South Africa embraces FinTech – discards cheque culture
On October 2nd the Payments Association of South Africa announced that it will be completely dropping its support for the cheque withdrawal methods in the country. It may seem like a disillusioned decision from a government organization very distanced from the reality of daily SA life, but in reality, it is a decision in which several large South African banks took part in as well.
You see, The Payments Association of South Africa, also known as PASA consists of several large commercial and investment banks as well as government representatives. According to their calculations and data, the use of cheques in SA has decreased by nearly 30% in 2019 alone and a further 80% decrease in 2020 due to the COVID-19 pandemic as well as a general loss of interest in the method.
By general metrics, it’s predicted that only 0.1% of all payments inside the country are made through cheques. Due to this minuscule demand for the method, banks are suffering additional costs and fees to keeping the service running. This includes having manpower for processing and approving these checks as well as making sure that everything goes through accordingly.
Due to this unnecessary cost, banks should be more than happy to get rid of cheques altogether.
But there is also another reason as to why cheques have lost their touch in a country that seemingly lived for these expensive pieces of paper you could turn into a new house or car. And that reason is FinTech.
Digital is just better
Due to a lot more accessibility as well as safety during the pandemic, the majority of South African citizens favored digital methods of transferring and receiving money over writing cheques or using cash in that sense.
It is likely due to South Africa’s heavy concentration of FinTech startups as well as significant mobile penetration even in the most remote areas of the country. Almost every citizen in South Africa has some access to digital banking, be it through a direct internet connection or an SMS system, there is always money available for the customer to receive and send.
One of the main advantages of cheques was that it was extremely easy to classify them as direct income from the employer or through other means. The employee would receive a cheque with their employer’s signature and the bank would do the heavy lifting in classifying it under salary. But that small advantage has also been overruled by just declaring several types of transactions as stable monthly payments.
However, due to the country’s relatively large self-employed population, it may be a slightly harder transition to fully digital banking methods than many anticipate. You see, South Africa is riddled with FX brokerages that give locals the means to generate income without having to necessarily apply for a job or to pay anything upfront. These people become traders, and classify their incomes as capital gains if they withdraw it through a digital method. However, an advantage of the cheque was that it could just fall under a regular base salary, thus avoiding any further documentation and taxes from capital gain.
Waiting times & commissions
For example, there are specific methods of trading that generally require the trader to withdraw as often as possible. Most of them entail fast and small trades to capitalize on minuscule market movements and are usually called forex scalping strategies or day trading strategies. Due to the fact that these strategies require frequent withdrawals, most traders preferred using the cheque system due to its relatively lower commission base from the bank. Nowadays it’s not uncommon to see a digital withdrawal to have a 1-2% commission base, while a cheque system would have either less than 1% or none at all. Regardless of the small withdrawals, the fees would eventually stack up.

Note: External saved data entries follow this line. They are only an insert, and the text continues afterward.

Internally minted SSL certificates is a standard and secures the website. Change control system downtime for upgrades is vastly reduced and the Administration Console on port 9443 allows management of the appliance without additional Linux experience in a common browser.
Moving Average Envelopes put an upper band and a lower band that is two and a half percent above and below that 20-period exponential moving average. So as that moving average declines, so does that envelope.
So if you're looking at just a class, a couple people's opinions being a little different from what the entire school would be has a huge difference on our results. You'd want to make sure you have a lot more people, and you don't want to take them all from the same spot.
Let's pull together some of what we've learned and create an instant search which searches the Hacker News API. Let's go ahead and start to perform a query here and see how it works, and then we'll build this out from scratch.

The same issues can be mentioned with non-scalpers who trade long-term and withdraw significant amounts of money, thus exposing themselves to much larger commissions.

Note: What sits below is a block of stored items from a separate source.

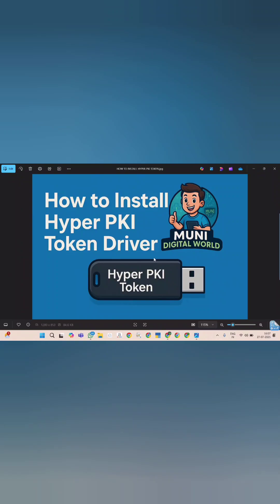Welcome to Moni Digital World. Today I will show you how to install the HyperPKI token driver on your computer in simple step by step process.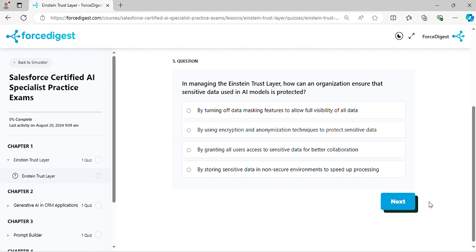Question five: In managing the Einstein Trust Layer, how can an organization ensure that sensitive data used in AI models is protected?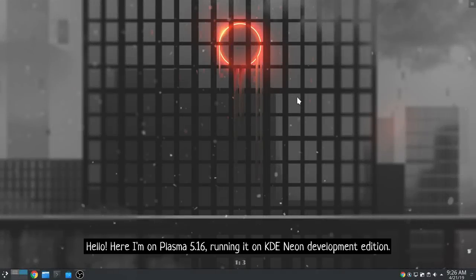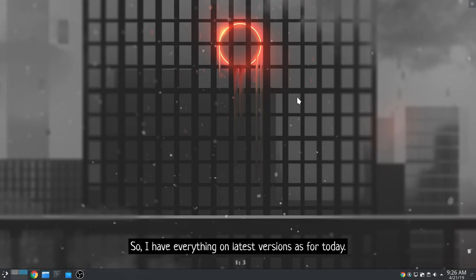Hello! Here I'm on Plasma 5.16, running it on KD Neon Development Edition. I have everything on latest versions as of today.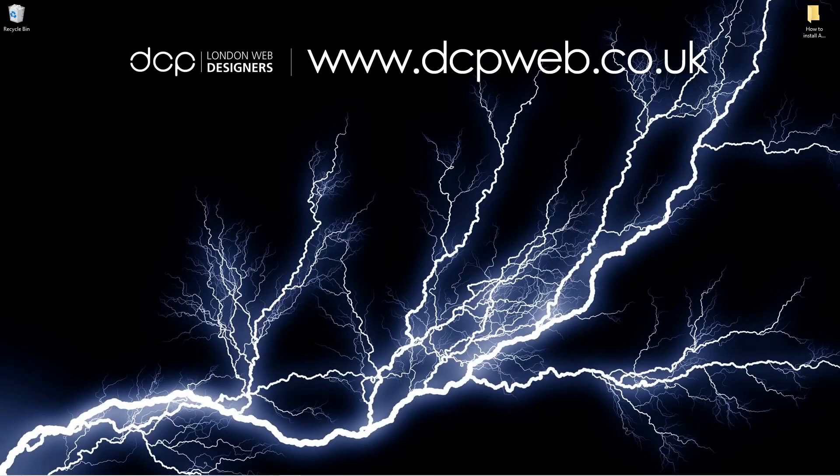Hi and welcome to this DCP web tutorial. In today's tutorial I'm going to show you how to install Audacity 3 onto your Windows 10 computer.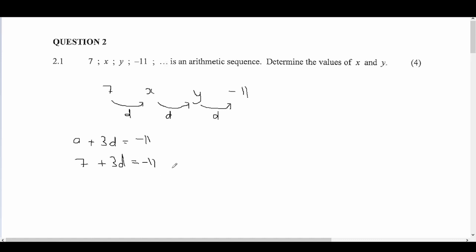This is an equation with one unknown: 3d equals minus 11 minus 7, which gives minus 18. Therefore the common difference d equals minus 18 divided by 3, which is minus 6.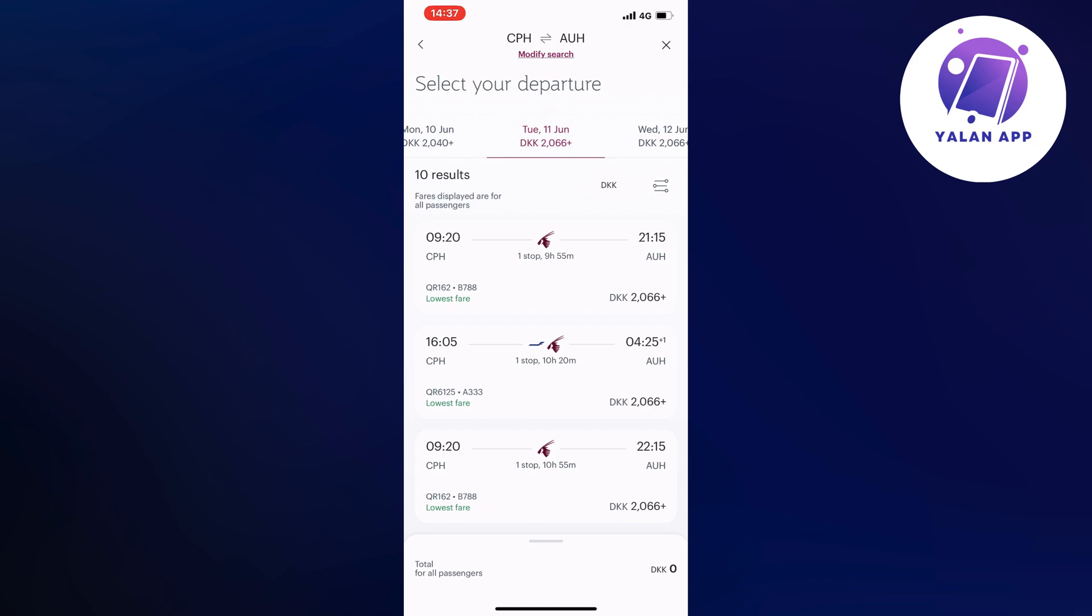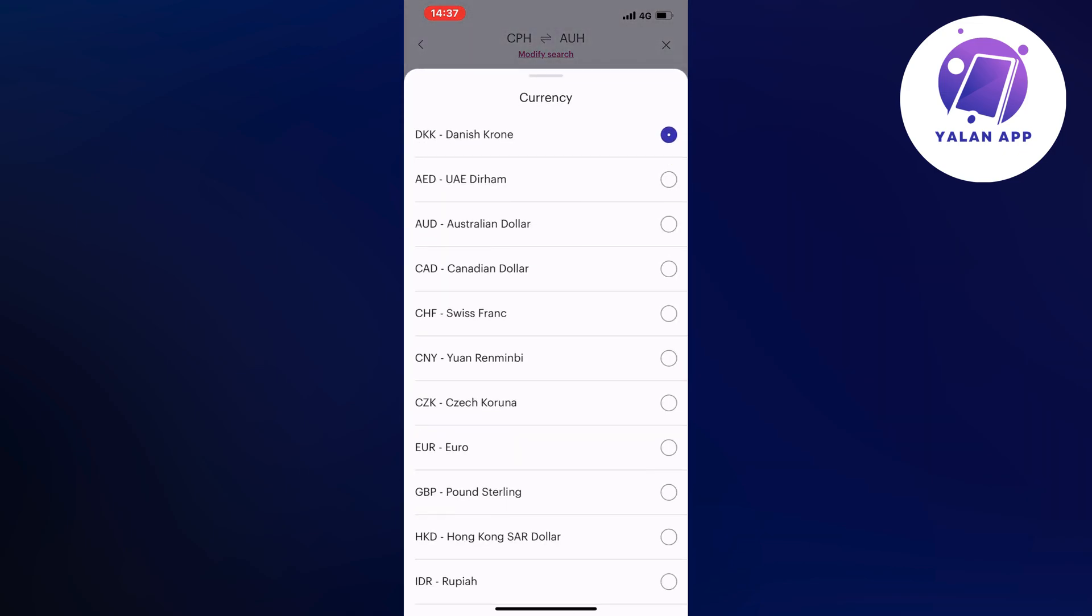And it's set to my currency right now, but to be able to change it, you're just going to click on the currency itself. So from DKK, click on that one, and then you should be taken to this page right here.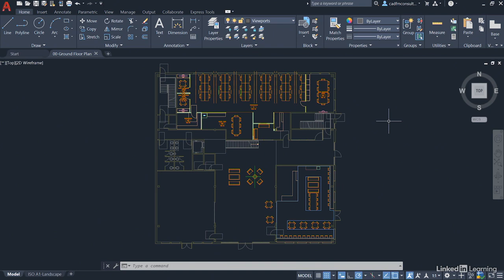What you should also know with this particular course is that we are running with AutoCAD 2021, the latest version of AutoCAD. So if you're using a slightly older version, the interface could be slightly different and some of the commands could be slightly different — so just be aware of that.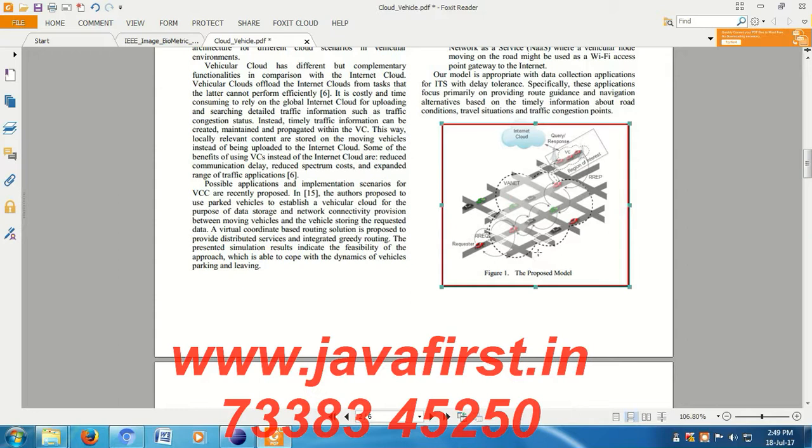This is the architecture of the proposed model. These are the vehicles in the wireless sensor network, and vehicles can distribute...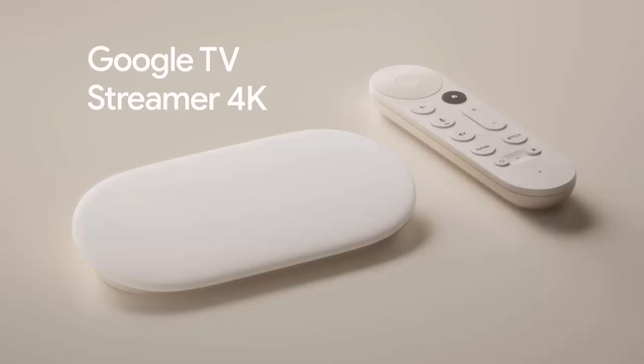It's August 2024 and you may have heard that Google are about to release a new Google TV streaming device which is set to replace the Chromecast.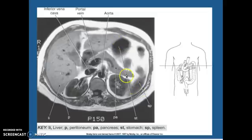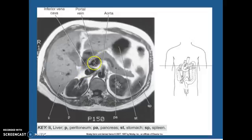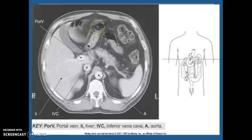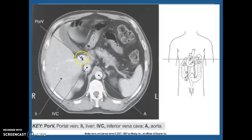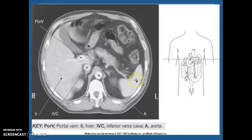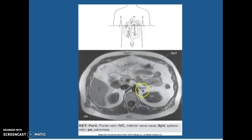Your stomach, spleen, left kidney, pancreas is right here. This is your aorta, inferior vena cava, and your portal vein. Your liver comes across here. So aorta, inferior vena cava, and your portal vein. This is your gallbladder right there. This is your spleen, your pancreas. Portal vein is right there — aorta, IVC, portal vein. This is the head of your pancreas.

If we take a regular FX broker as an example, we usually get several methods of withdrawal through different channels. For this example, we’d like to use Axiory, a broker supported in multiple jurisdictions, which makes it a good base to see withdrawal activity. With this particular broker, we see 8 different methods of withdrawal all of them having their own commission base or being free in Axory’s case.
Unfortunately, very few brokers offer commissioned withdrawals nowadays, thus either forcing the traders to go with the least expensive options, meaning longer waiting times, while cheque can be received and cashed out within minutes.

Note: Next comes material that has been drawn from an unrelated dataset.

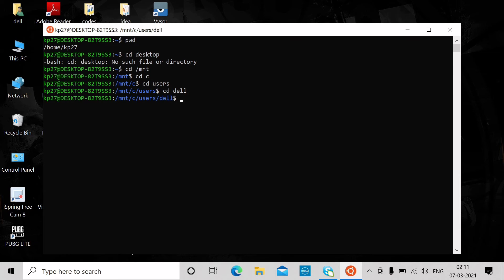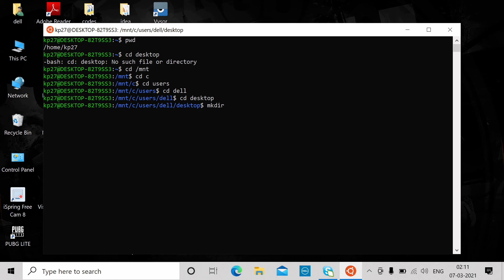From there, I can access the desktop by typing 'cd desktop'. As you can see, I'm now in the desktop section. I can perform any operation here — for example, 'mkdir ubuntu' to create a directory called 'ubuntu'.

It’s definitely not black & white
Although the new system will benefit the majority of the population, there will still be people willing to either pay for an option for cashing out via cheque or just signing up with a bank that specifically offers that kind of service.
PASA should still be commended for putting forward the usefulness of tech innovation in the country and promoting the use of local FinTech opportunities as opposed to the old and rigid method of going to the bank and getting cash, especially during a deadly virus which just keeps on getting worse.